-- What is needed --
Except for images, print the whole listing verbatim.

-- Information shown --
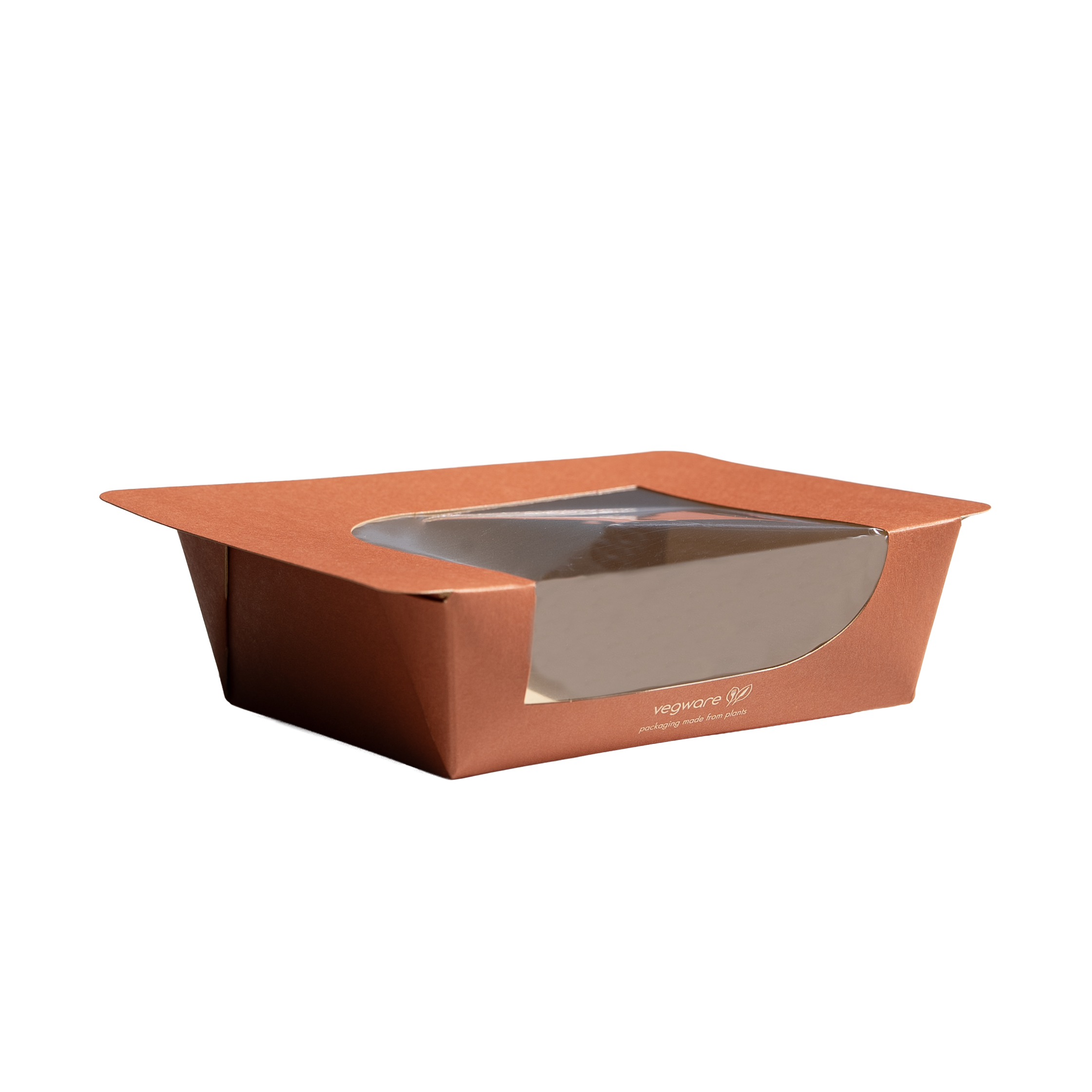 VEGWARE | FEEL SNUG ORANGE SELF SEAL LARGE SALAD BOX X 300 | VWSALAD26-FS | 421191
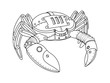 Steampunk style crab coloring book vector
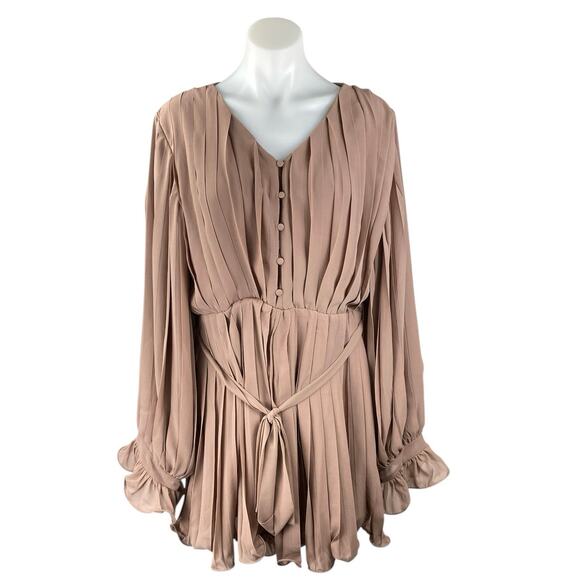 Pink Lily Women's Beige Tan Ruffle Long Sleeve Pleated Button Jumpsuit Romper L - Picture 1 of 5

-- Exercise solution --
 VEGWARE | FEEL SNUG ORANGE SELF SEAL LARGE SALAD BOX X 300 | VWSALAD26-FS | 421191
 Steampunk style crab coloring book vector
 Pink Lily Women's Beige Tan Ruffle Long Sleeve Pleated Button Jumpsuit Romper L - Picture 1 of 5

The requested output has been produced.